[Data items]
________________
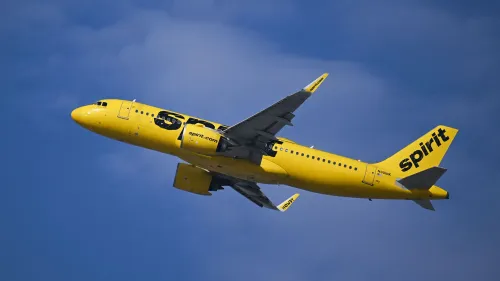 طائرة سبيريت الجوية الصفراء تحلق في السماء، مع التركيز على تصميمها المميز. تعكس الصورة سمعة الشركة كخيار اقتصادي آمن.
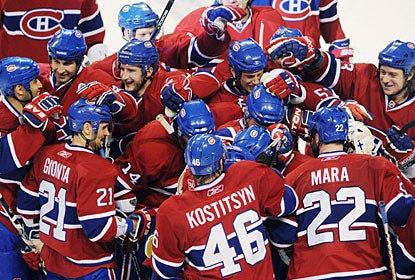 Somewhere in this sea of red is P.K. Subban, who is mobbed after scoring the deciding goal 79 seconds into overtime. (AP)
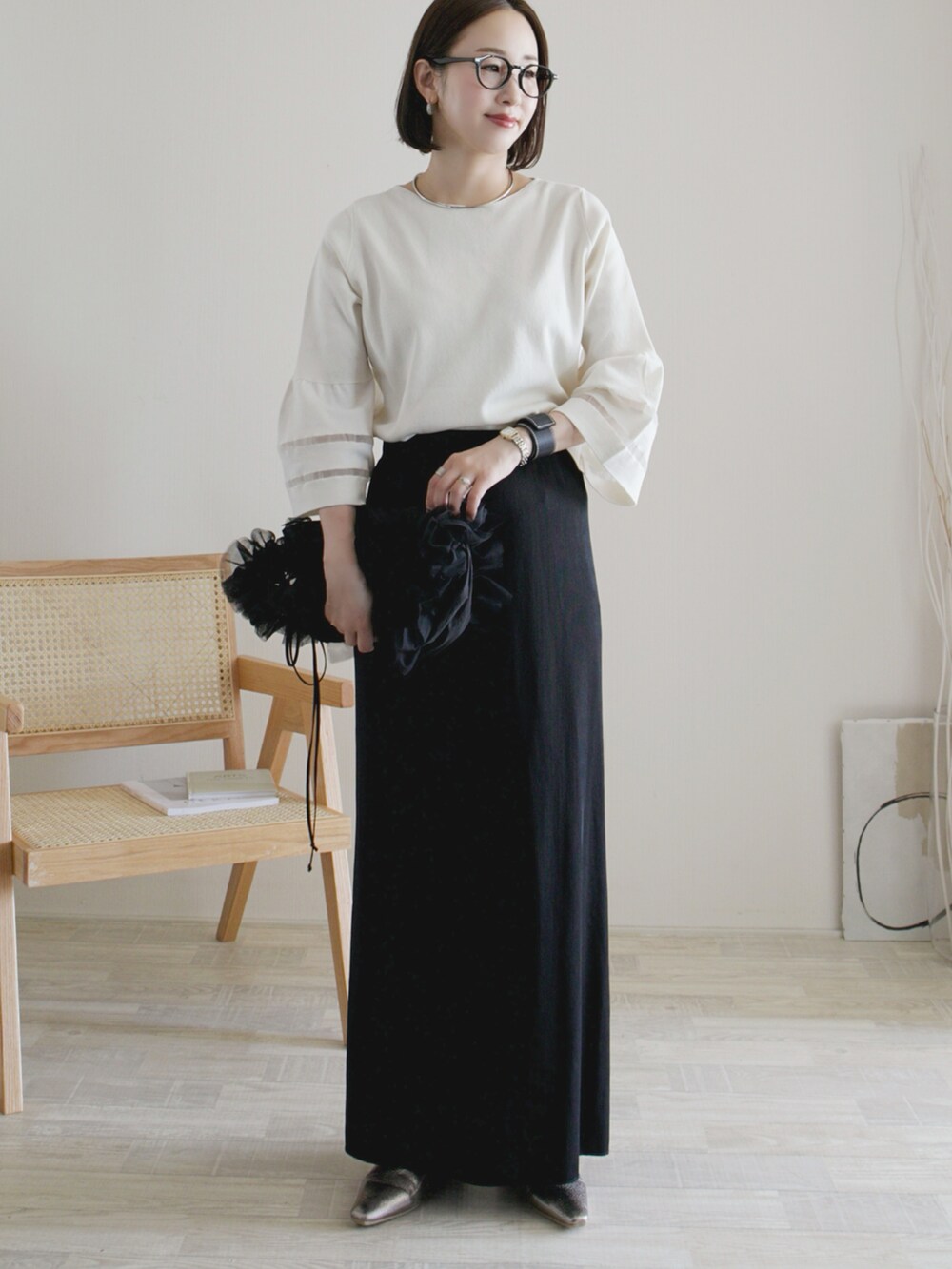ブラック系のスカート、ホワイト系のニット/セーター、ブラック系のショルダーバッグを着用したレディースの秋コーディネートの2枚目の写真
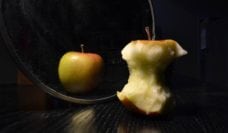 An apple core in front of a mirror showing a full apple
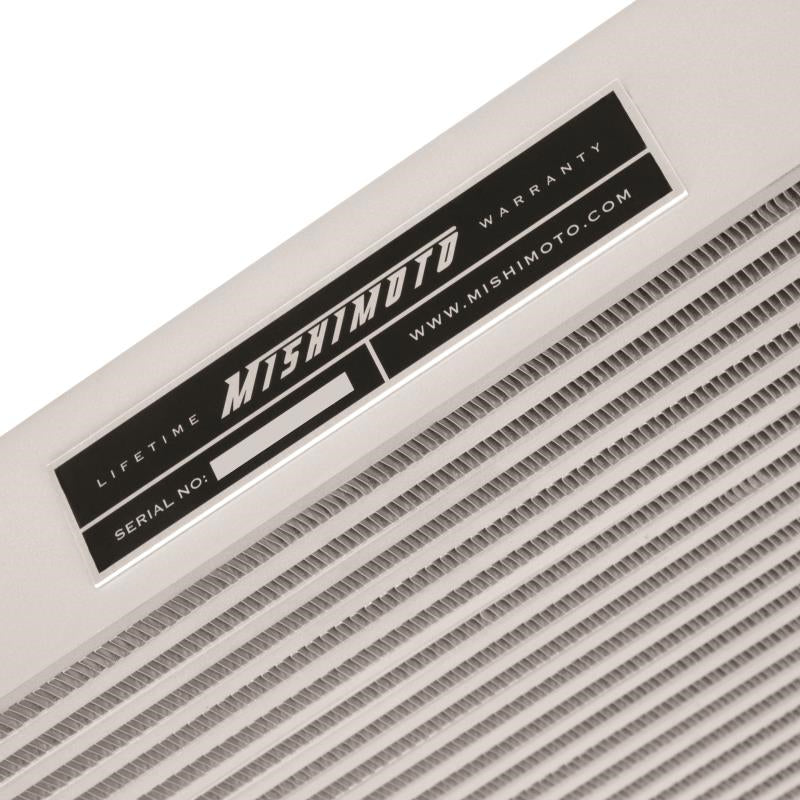 DP Customs Mishimoto intercooler for 2006-2010 Duramax diesel engine, featuring aluminum construction and core design.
________________
• **WHAT NEEDS TO BE DONE**
Please set the data above down exactly, with the pictures removed.

• **THE COMPLETED TASK**
 طائرة سبيريت الجوية الصفراء تحلق في السماء، مع التركيز على تصميمها المميز. تعكس الصورة سمعة الشركة كخيار اقتصادي آمن.
 Somewhere in this sea of red is P.K. Subban, who is mobbed after scoring the deciding goal 79 seconds into overtime. (AP)
ブラック系のスカート、ホワイト系のニット/セーター、ブラック系のショルダーバッグを着用したレディースの秋コーディネートの2枚目の写真
 An apple core in front of a mirror showing a full apple
 DP Customs Mishimoto intercooler for 2006-2010 Duramax diesel engine, featuring aluminum construction and core design.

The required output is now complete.